Presidente do PP é alvo do Supremo

O senador Ciro Nogueira, do Piauí, investigado na Lava Jato, disse no Twitter na quarta-feira, 4, que renunciaria ao mandato se surgisse 'prova objetiva' contra ele

Redação

06 de março de 2015 | 22h47

Por Ricardo Brandt, Fausto Macedo e Julia Affonso

O presidente nacional do PP, senador pelo Piauí Ciro Nogueira, teve o nome incluído na lista de 49 políticos alvos de inquérito aberto a pedido da Procuradoria Geral da República, por suposto envolvimento com esquema de corrupção na Petrobrás, alvo da Operação Lava Jato.

Foram feitos três pedidos em que aparecem o nome de Nogueira, dois foram arquivados em relação a ele, mas um foi determinada abertura de investigação. O senador afirmou na terça-feira, 3, pelo Twitter, que renunciará ao cargo, caso surja ‘qualquer prova objetiva’ que manche sua atitude como homem público.

Ciro Nogueira. Foto: Lia de Paula/Divulgação

Ciro Nogueira.
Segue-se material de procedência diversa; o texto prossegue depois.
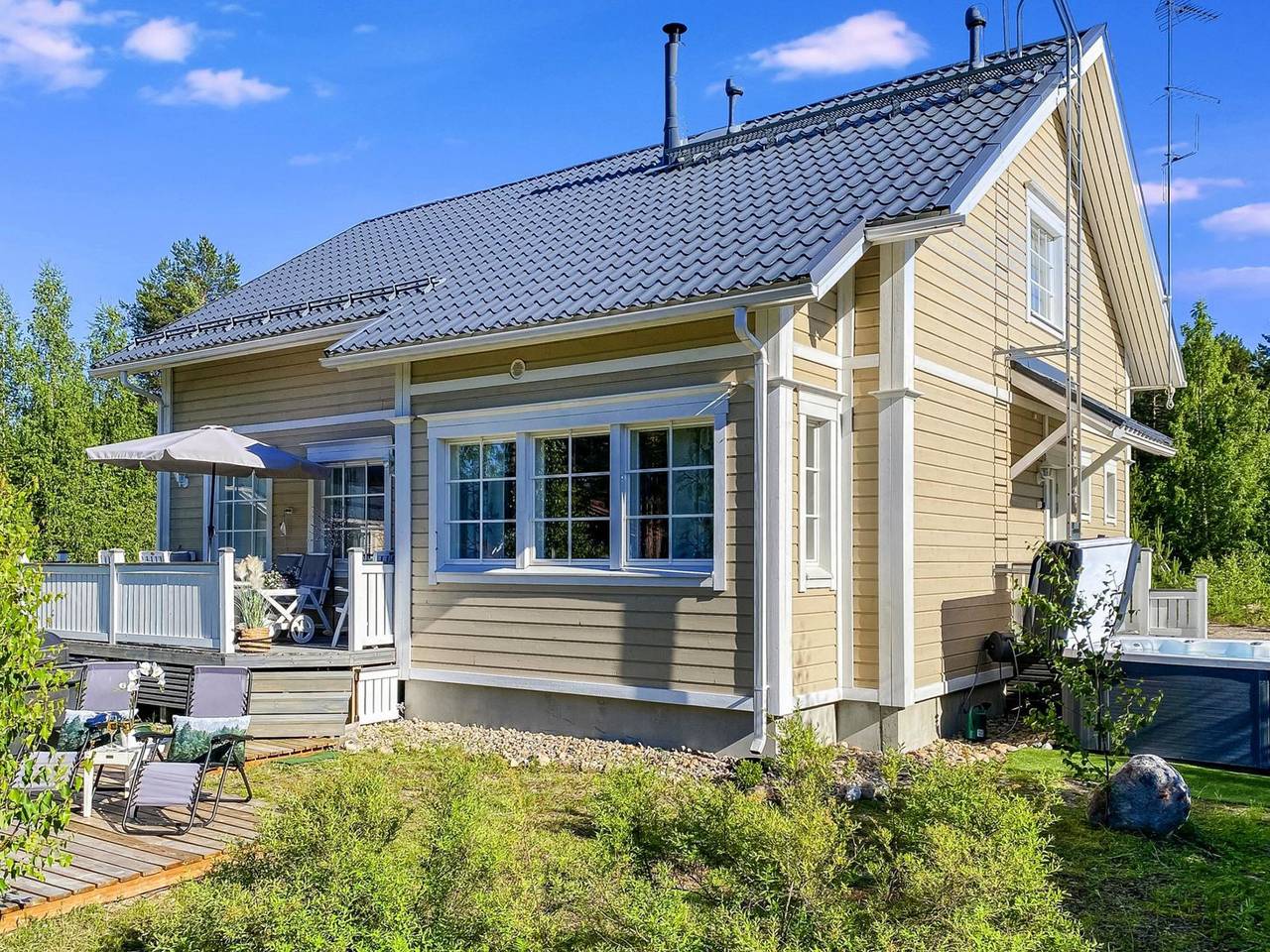Villa adalmina in Loma-Koli, Pielinen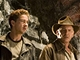 Indiana Jones a Krlovstv kilov lebky - Shia LeBeouf a Harrison Ford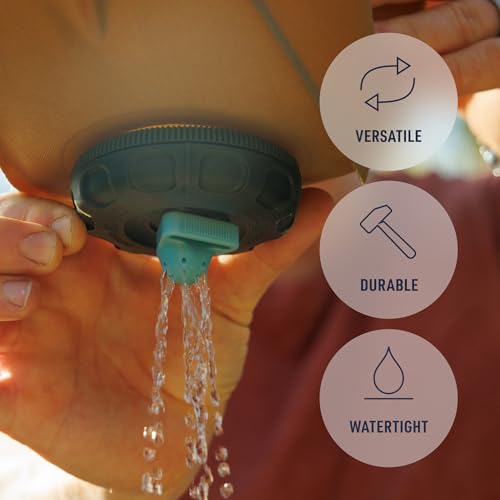 Sea to Summit Watercell X Lightweight Camping Water Storage/Dispenser and Shower - style: 6 Liter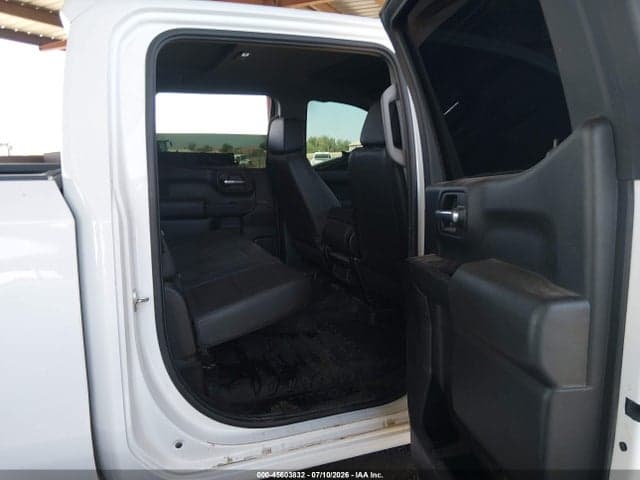 2024 CHEVROLET SILVERADO 1500 4WD SHORT BED WT 8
Foto: Lia de Paula/Divulgação

O nome do parlamentar foi ligado ao do doleiro Alberto Youssef e ao do ex-diretor de Abastecimento da Petrobrás Paulo Roberto Costa, ambos delatores do esquema de corrupção e propina na Petrobrás.

“Assumo mais uma vez este compromisso porque tenho consciência plena de meus atos e sei que as acusações não tem nenhuma base na realidade”, disse o senador no Twitter, há três dias. “Desde o início, agora e até o final desta circunstância política, mantive, mantenho e manterei uma única posição: jamais tive qualquer relação imprópria com qualquer dos acusados da operação Lava Jato.”

Nogueira é presidente nacional do PP, partido que mais tem alvos dos inquéritos autorizados pelo Supremo Tribunal Federal (STF), nesta sexta-feira, 6. O partido, junto com o PT e o PMDB, são acusados de lotear diretorias da Petrobrás para arrecadar entre 1% e 3% de propina em grandes contratos, mediante fraudes em licitações e conluio de agentes públicos com empreiteiras organizadas em cartel.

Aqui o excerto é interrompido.